As before, we consider the equation
$$\frac{\sigma(x)}{x} = \frac{p+2}{p}$$
where $p$ is an odd prime.
We consider several cases. (Note that the list of cases presented here is not exhaustive.)
Case 1: $3 \mid x$
Since
$$\frac{\sigma(x)}{x} = \frac{p+2}{p}$$
implies that $x$ is an odd square, and since $3 \mid x$, it follows that $9 = 3^2 \mid x$, so that
$$\frac{13}{9} = \frac{1 + 3 + 9}{9} = \frac{\sigma(3^2)}{3^2} \leq \frac{\sigma(x)}{x} = \frac{p+2}{p}$$
from which we obtain
$$13p \leq 9(p + 2)$$
$$4p \leq 18$$
$$p \leq \frac{9}{2}.$$
Since $p$ is an odd prime, it follows that $p = 3$. (Since $p = 3$ also implies that $3 \mid x$, this means that we know that the biconditional
$$\bigg(3 \mid x\bigg) \Longleftrightarrow \bigg(p = 3\bigg)$$
must hold.)
Case 2: $5 \mid x$
Similar to the proof for Case 1, we get
$$\frac{31}{25} = \frac{1 + 5 + 25}{25} = \frac{\sigma(5^2)}{5^2} \leq \frac{\sigma(x)}{x} = \frac{p+2}{p}$$
from which we have
$$31p \leq 25(p + 2)$$
$$6p \leq 50$$
$$p \leq \frac{25}{3}.$$
Since $p$ is an odd prime, it follows that either $p = 3$, $p = 5$, or $p = 7$.
Case 3: $p \mid x$
Note that this case holds in general (since $\gcd(p, p+2)=1$ follows from $p$ is an odd prime).

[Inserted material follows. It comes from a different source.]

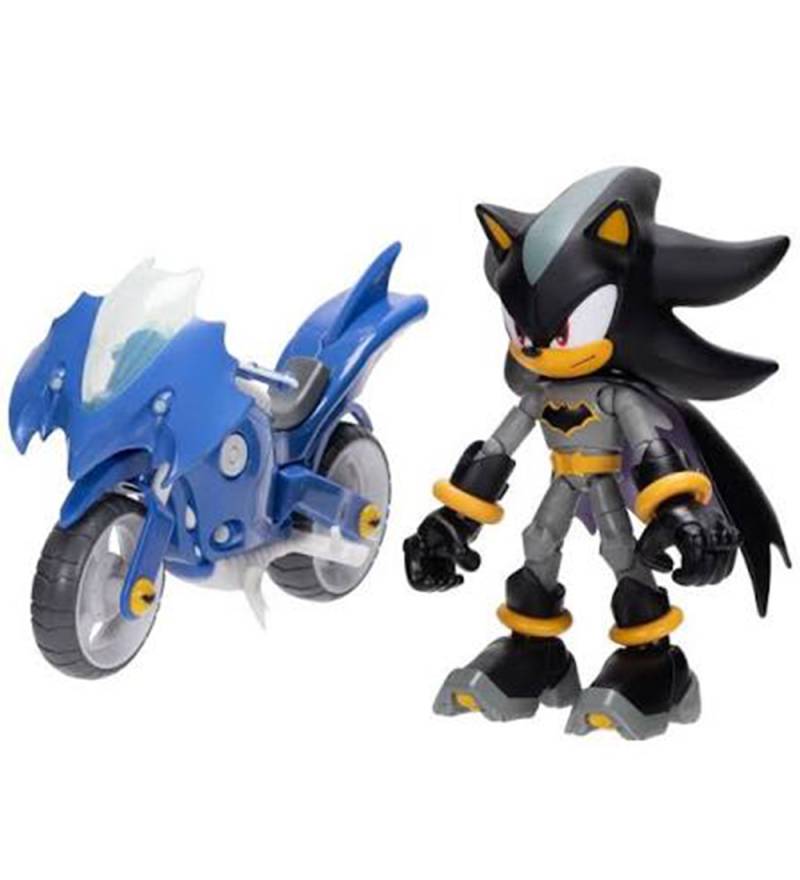 Sonic Figur - DC x Sonic Der Igel - 13 cm - Shadow m. Batcyc - Sonic - One Size - Spielzeugfiguren Sonic Figur - DC x Sonic Der Igel - 13 cm - Shadow m. Batcyc - Sonic - One Size - Spielzeugfiguren von Sonic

As in Case 1, it follows that
$$\frac{1 + p + p^2}{p^2} = \frac{\sigma(p^2)}{p^2} \leq \frac{\sigma(x)}{x} = \frac{p+2}{p}$$
from which we obtain
$$\frac{1}{p^2} + \frac{1 + p}{p} \leq \frac{2 + p}{p}.$$
This last inequality implies that
$$\frac{1}{p^2} \leq \frac{1}{p}$$
from which we get
$$p \leq p^2$$
whence there is no contradiction.